Like many of you, I spent much of the past few days glued to coverage of the terrorist attacks in Mumbai. Like a number of you, the places I saw burning on the screen were spaces I’ve moved through. Taken in. And as with millions and millions of others, Mumbai was made a part of my time on this planet.  It is, at once, a completely foreign and utterly familiar place. It is against that backdrop – and the experience of terrorists attacking my own city – that I found myself very much agreeing with this piece by Suketu Mehta:
The terrorists’ message was clear: Stay away from Mumbai or you will get killed. Cricket matches with visiting English and Australian teams have been shelved.
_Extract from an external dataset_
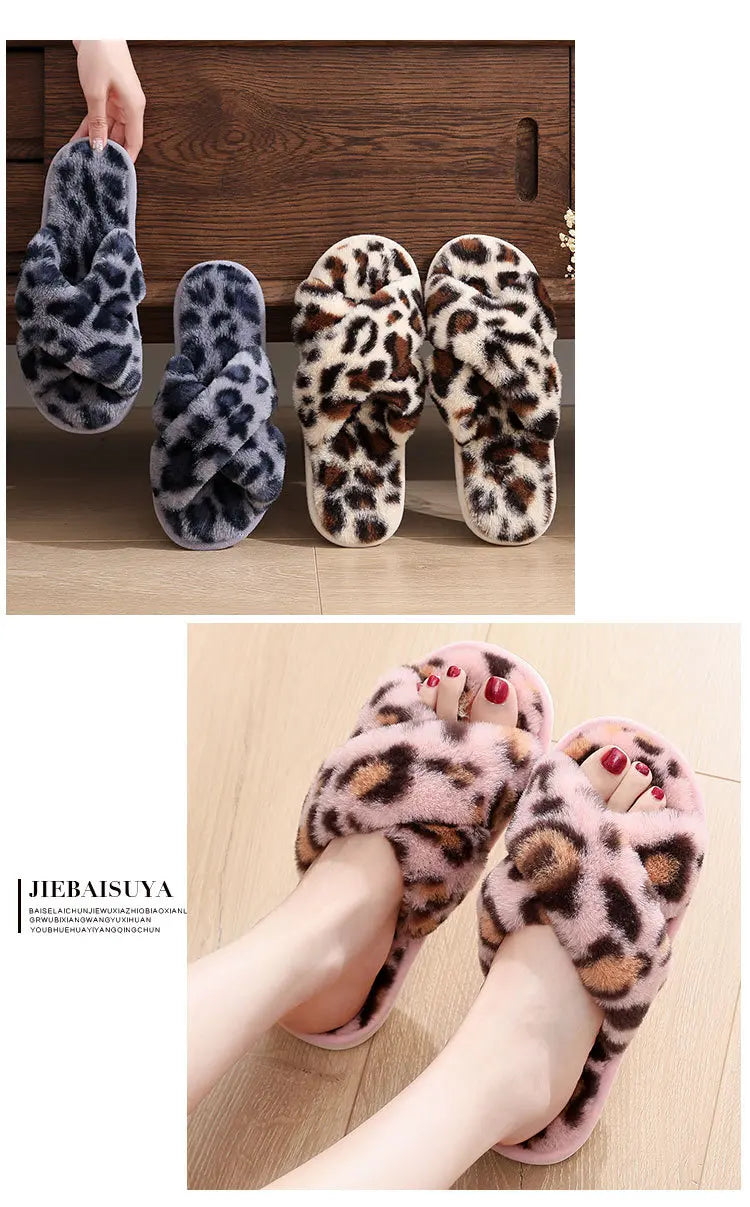 Pantuflas Fuzzy con Estampado Leopardo - Zapatillas Peludas Cálidas Antideslizantes para Casa
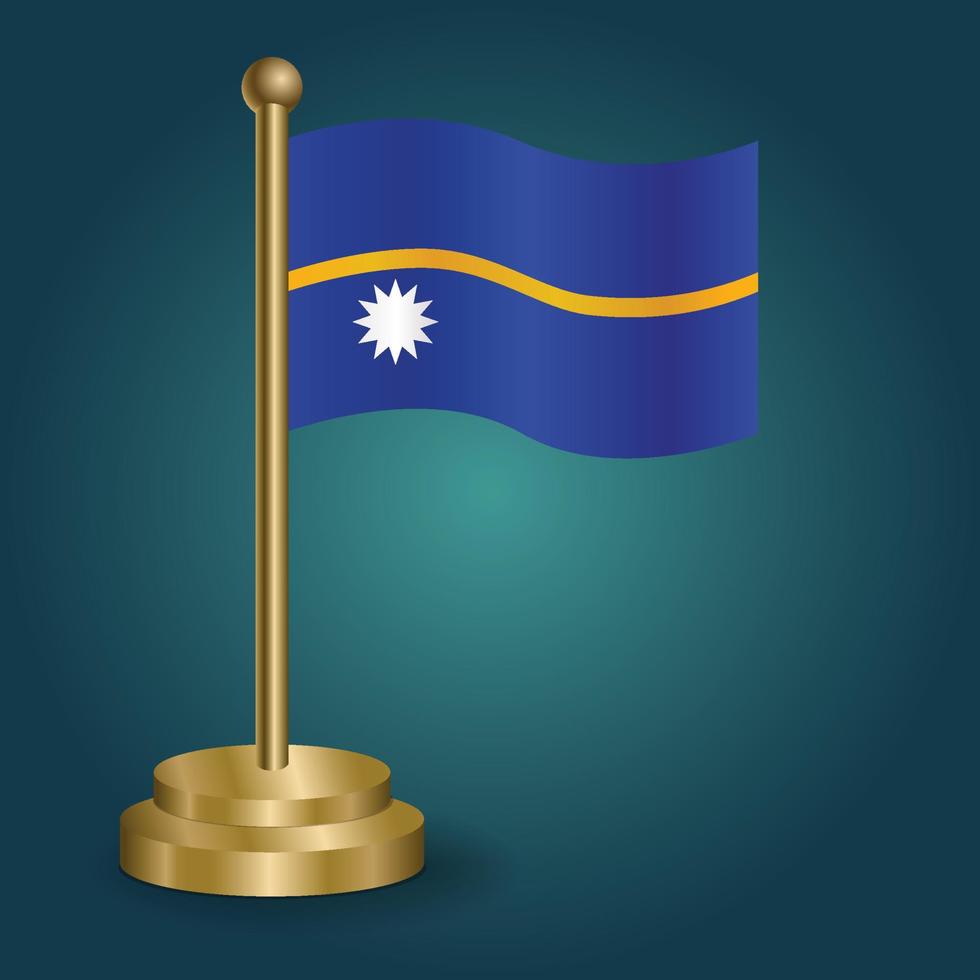 bandeira nacional de nauru no poste dourado em fundo escuro de gradação isolado. bandeira de mesa, ilustração vetorial vetor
Japanese and Western companies have closed their Mumbai offices and prohibited their employees from visiting the city. Tour groups are canceling long-planned trips.
But the best answer to the terrorists is to dream bigger, make even more money, and visit Mumbai more than ever. Dream of making a good home for all Mumbaikars, not just the denizens of $500-a-night hotel rooms. Dream not just of Bollywood stars like Aishwarya Rai or Shah Rukh Khan, but of clean running water, humane mass transit, better toilets, a responsive government. Make a killing not in God’s name but in the stock market, and then turn up the forbidden music and dance; work hard and party harder.
If the rest of the world wants to help, it should run toward the explosion.
Run toward it.
Update: Leopold Cafe is open for business. This is how you do it.